__Exercise requirements__. Copy task, pictures excluded: set down exactly the lines from the one containing "Storage Sheds (Lot" to the end of the data below.

+ + +

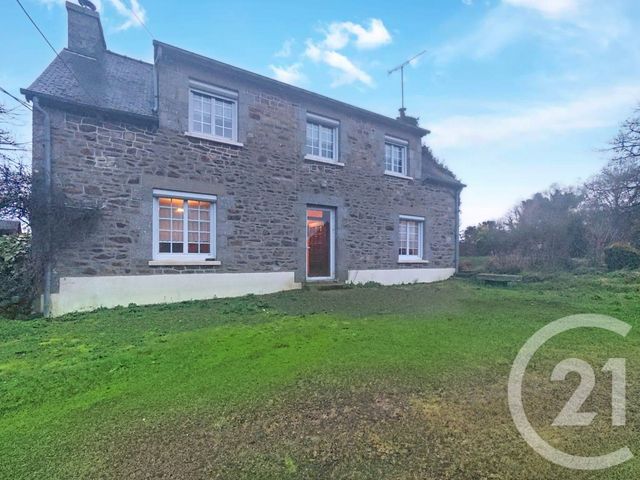 Maison &agrave; vendre - 5 pi&egrave;ces - 95,59 m2 - St Fiacre - 22 - BRETAGNE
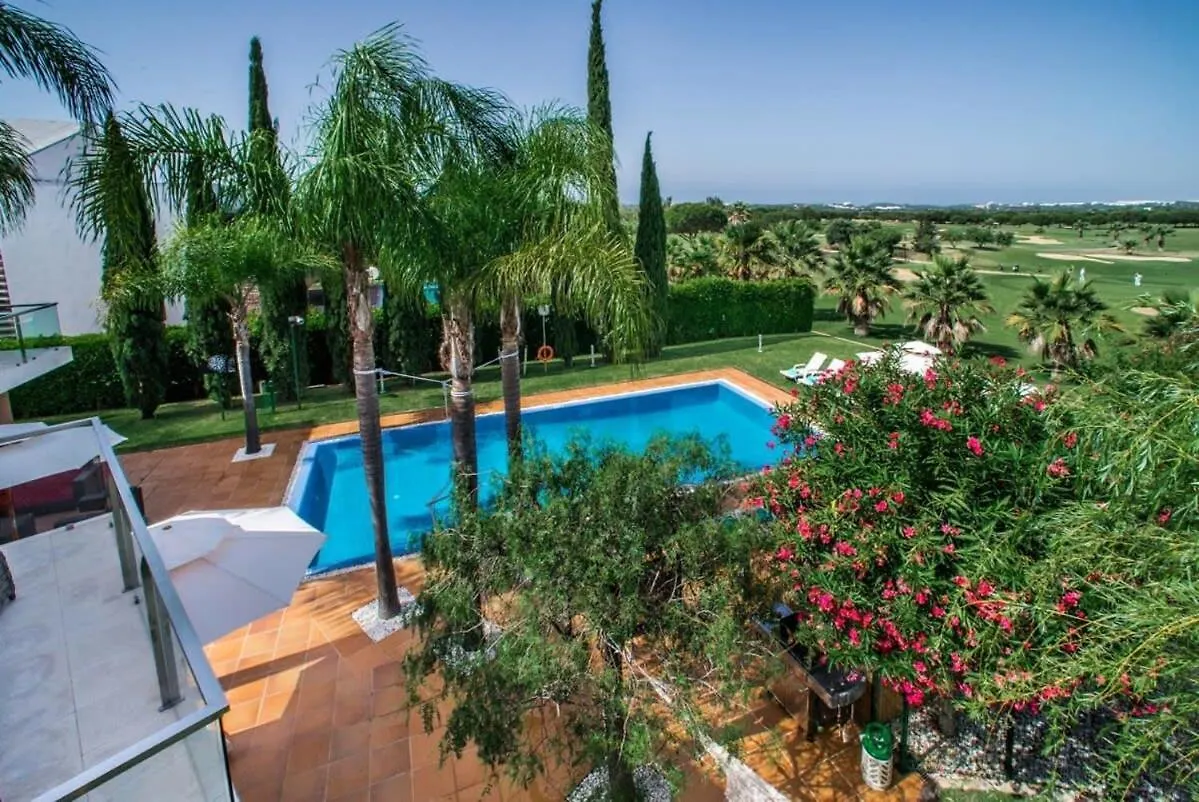 Villa Laguna, Golf - Stunning House - Laguna Golf Course Quarteira Holiday home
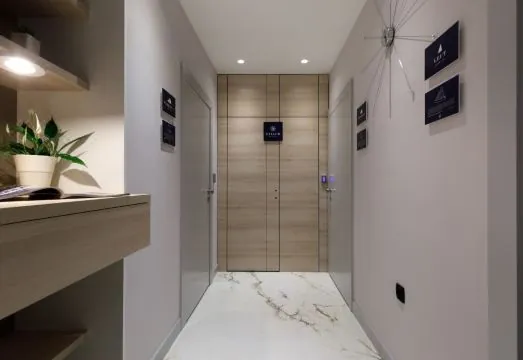 Sailor Boutique Rooms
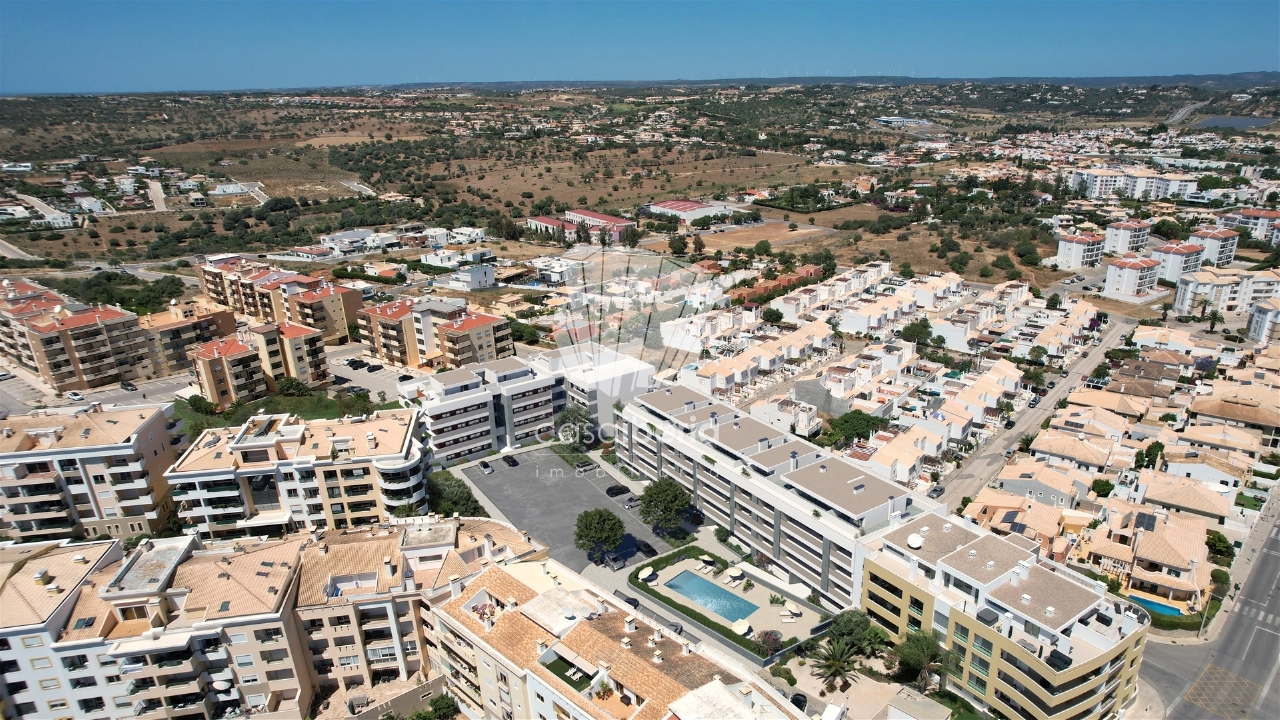 1 bed Apartment in Lagos, Western Algarve
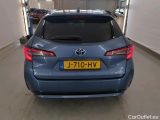  Toyota  Corolla Toyota  Touring Sports 1.8 Hybrid Executive 5d #23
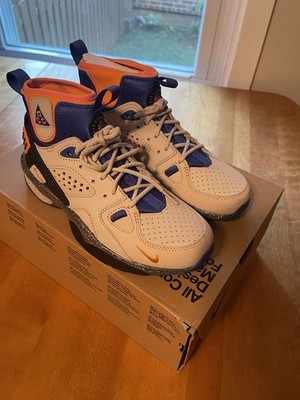 Nike ACG Air Mowabb 2021 Rattan Birch Men's Size 6 | eBay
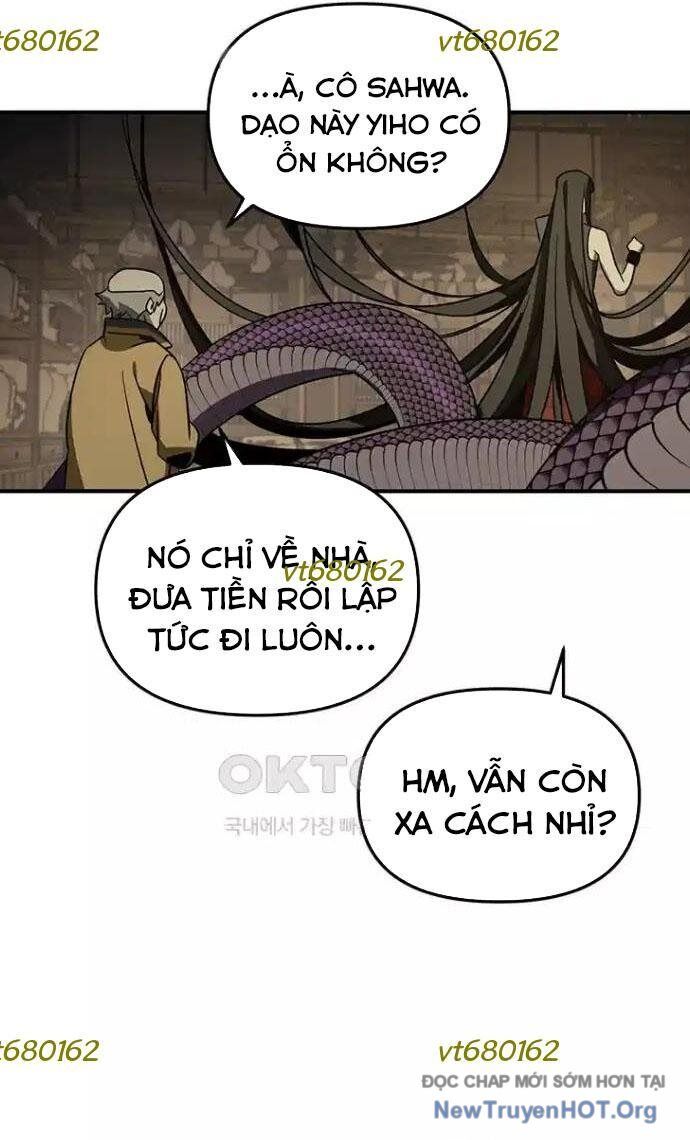 Thần Thú Đô Thị [Chap 1-31]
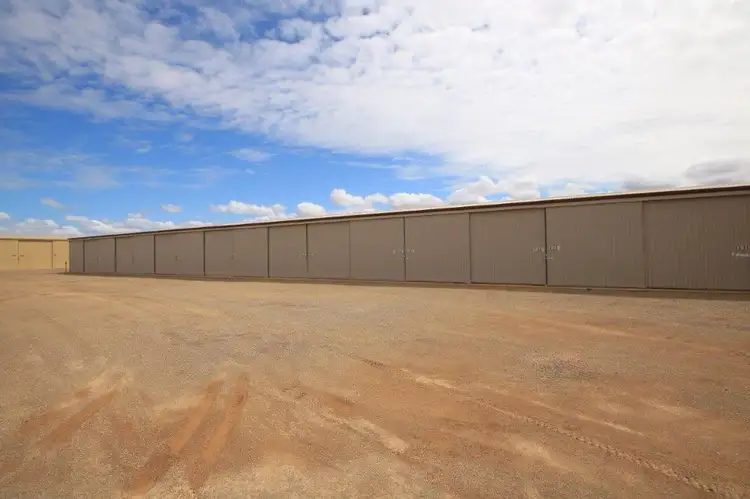 Storage Sheds (Lot 75 Old Tarcoola Road) 0427092503, Port Augusta West SA 5700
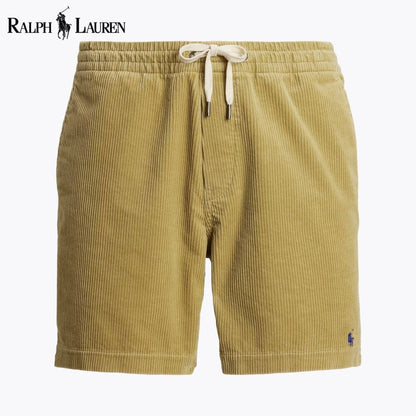 R.L Polo Prepster Corduroy Short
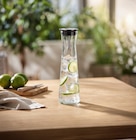 KARAFFE „Aqua“ im Angebot bei Sconto SB in Rodgau KARAFFE „Aqua“ Angebote von Peill + Putzler bei Sconto SB Rodgau für 14,99 €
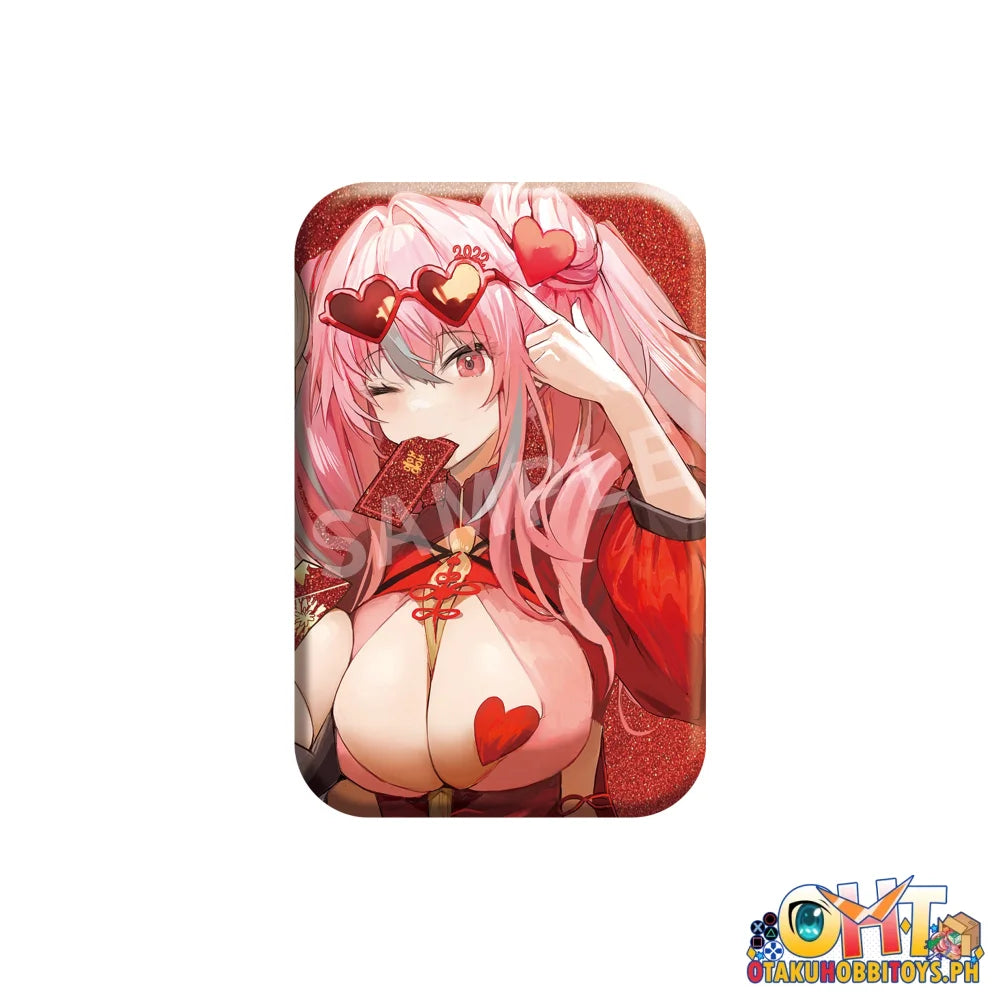 APEX TOYS 1/7 AZUR LANE BREMERTON Scale Figure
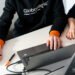 GlobalLogic представила ШІ-систему для тестування роутерів і 5G-модемів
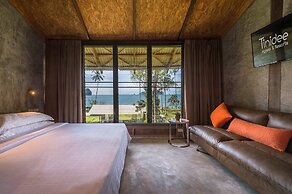 Tinidee Hideaway Tonsai Beach Krabi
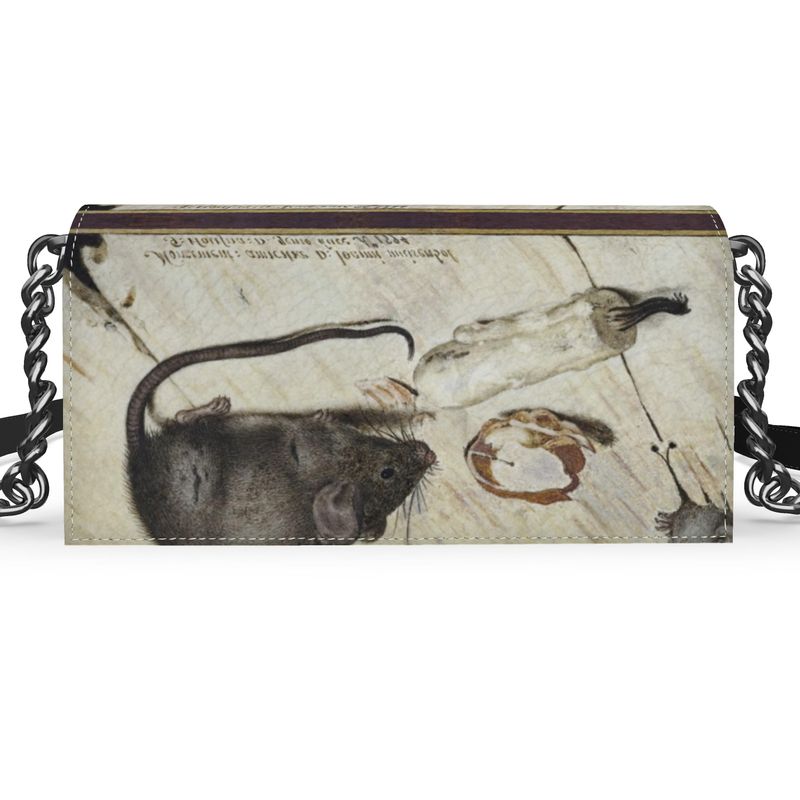 The 'Kenway' Evening Bag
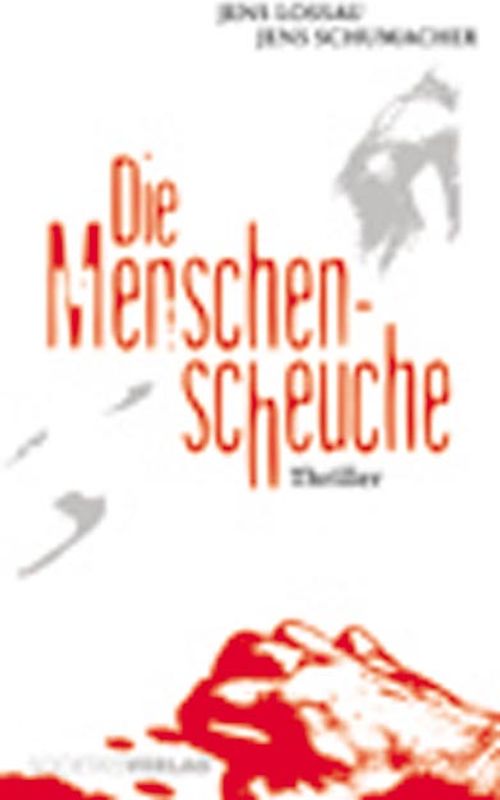 Die Menschenscheuche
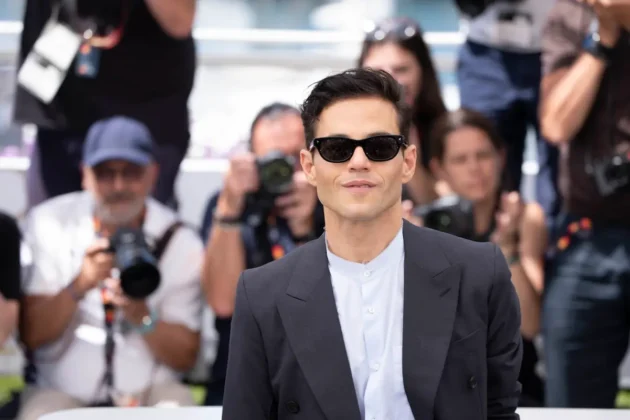 Rami Malek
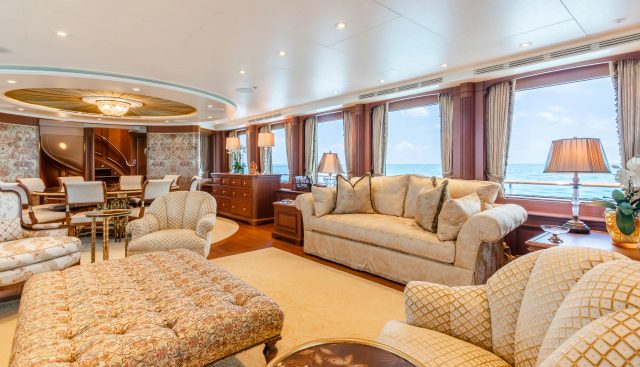 Shadowl yacht for sale 33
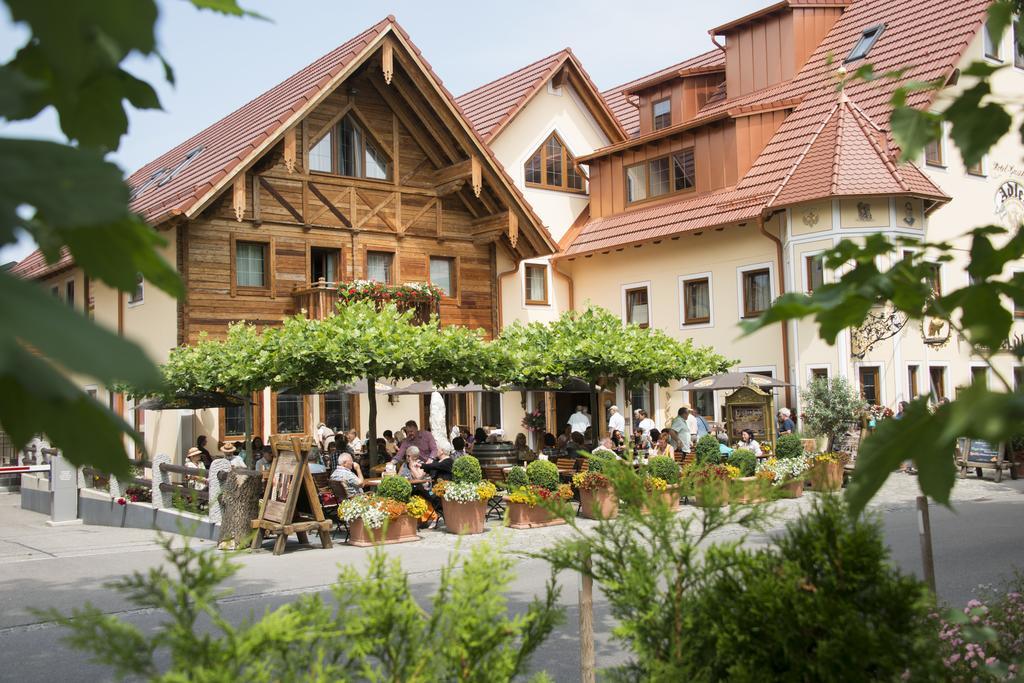 Wellness-Hotel Adler Bad Wörishofen Εξωτερικό φωτογραφία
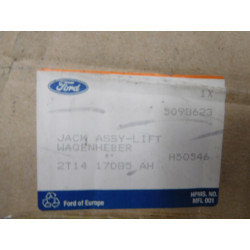 Lewarek, podnośnik Ford Transit Connect 2002- 2013 OE 5093623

+ + +

__Reply__.
 Storage Sheds (Lot 75 Old Tarcoola Road) 0427092503, Port Augusta West SA 5700
 R.L Polo Prepster Corduroy Short
 KARAFFE „Aqua“ im Angebot bei Sconto SB in Rodgau KARAFFE „Aqua“ Angebote von Peill + Putzler bei Sconto SB Rodgau für 14,99 €
 APEX TOYS 1/7 AZUR LANE BREMERTON Scale Figure
 GlobalLogic представила ШІ-систему для тестування роутерів і 5G-модемів
 Tinidee Hideaway Tonsai Beach Krabi
 The 'Kenway' Evening Bag
 Die Menschenscheuche
 Rami Malek
 Shadowl yacht for sale 33
 Wellness-Hotel Adler Bad Wörishofen Εξωτερικό φωτογραφία
 Lewarek, podnośnik Ford Transit Connect 2002- 2013 OE 5093623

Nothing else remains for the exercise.